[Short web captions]

•••

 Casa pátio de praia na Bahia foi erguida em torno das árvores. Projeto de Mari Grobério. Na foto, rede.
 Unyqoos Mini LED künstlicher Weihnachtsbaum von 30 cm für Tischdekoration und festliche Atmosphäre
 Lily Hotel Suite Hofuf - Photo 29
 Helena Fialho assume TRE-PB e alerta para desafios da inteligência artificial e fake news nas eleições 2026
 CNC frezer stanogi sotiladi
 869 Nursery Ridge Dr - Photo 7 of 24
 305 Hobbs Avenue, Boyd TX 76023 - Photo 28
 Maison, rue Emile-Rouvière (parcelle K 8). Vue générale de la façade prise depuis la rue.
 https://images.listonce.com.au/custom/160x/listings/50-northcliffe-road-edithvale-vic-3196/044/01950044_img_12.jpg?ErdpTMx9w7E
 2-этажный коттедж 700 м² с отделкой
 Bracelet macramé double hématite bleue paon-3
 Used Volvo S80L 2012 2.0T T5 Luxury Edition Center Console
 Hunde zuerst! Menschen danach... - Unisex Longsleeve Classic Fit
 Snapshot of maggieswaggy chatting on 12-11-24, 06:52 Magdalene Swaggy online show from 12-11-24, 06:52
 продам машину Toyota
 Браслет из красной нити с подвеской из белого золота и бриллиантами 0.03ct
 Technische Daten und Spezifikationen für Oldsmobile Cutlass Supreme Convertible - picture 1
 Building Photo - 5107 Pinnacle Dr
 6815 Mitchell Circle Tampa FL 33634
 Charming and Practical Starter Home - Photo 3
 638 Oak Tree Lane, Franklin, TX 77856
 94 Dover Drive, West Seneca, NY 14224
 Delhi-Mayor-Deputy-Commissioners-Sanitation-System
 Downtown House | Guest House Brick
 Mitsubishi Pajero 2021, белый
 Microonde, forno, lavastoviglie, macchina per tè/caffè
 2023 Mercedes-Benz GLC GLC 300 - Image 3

•••

__PROBLEM DESCRIPTION__.
All lines of the data above must be repeated exactly.

__TASK SOLUTION__.
 Casa pátio de praia na Bahia foi erguida em torno das árvores. Projeto de Mari Grobério. Na foto, rede.
 Unyqoos Mini LED künstlicher Weihnachtsbaum von 30 cm für Tischdekoration und festliche Atmosphäre
 Lily Hotel Suite Hofuf - Photo 29
 Helena Fialho assume TRE-PB e alerta para desafios da inteligência artificial e fake news nas eleições 2026
 CNC frezer stanogi sotiladi
 869 Nursery Ridge Dr - Photo 7 of 24
 305 Hobbs Avenue, Boyd TX 76023 - Photo 28
 Maison, rue Emile-Rouvière (parcelle K 8). Vue générale de la façade prise depuis la rue.
 https://images.listonce.com.au/custom/160x/listings/50-northcliffe-road-edithvale-vic-3196/044/01950044_img_12.jpg?ErdpTMx9w7E
 2-этажный коттедж 700 м² с отделкой
 Bracelet macramé double hématite bleue paon-3
 Used Volvo S80L 2012 2.0T T5 Luxury Edition Center Console
 Hunde zuerst! Menschen danach... - Unisex Longsleeve Classic Fit
 Snapshot of maggieswaggy chatting on 12-11-24, 06:52 Magdalene Swaggy online show from 12-11-24, 06:52
 продам машину Toyota
 Браслет из красной нити с подвеской из белого золота и бриллиантами 0.03ct
 Technische Daten und Spezifikationen für Oldsmobile Cutlass Supreme Convertible - picture 1
 Building Photo - 5107 Pinnacle Dr
 6815 Mitchell Circle Tampa FL 33634
 Charming and Practical Starter Home - Photo 3
 638 Oak Tree Lane, Franklin, TX 77856
 94 Dover Drive, West Seneca, NY 14224
 Delhi-Mayor-Deputy-Commissioners-Sanitation-System
 Downtown House | Guest House Brick
 Mitsubishi Pajero 2021, белый
 Microonde, forno, lavastoviglie, macchina per tè/caffè
 2023 Mercedes-Benz GLC GLC 300 - Image 3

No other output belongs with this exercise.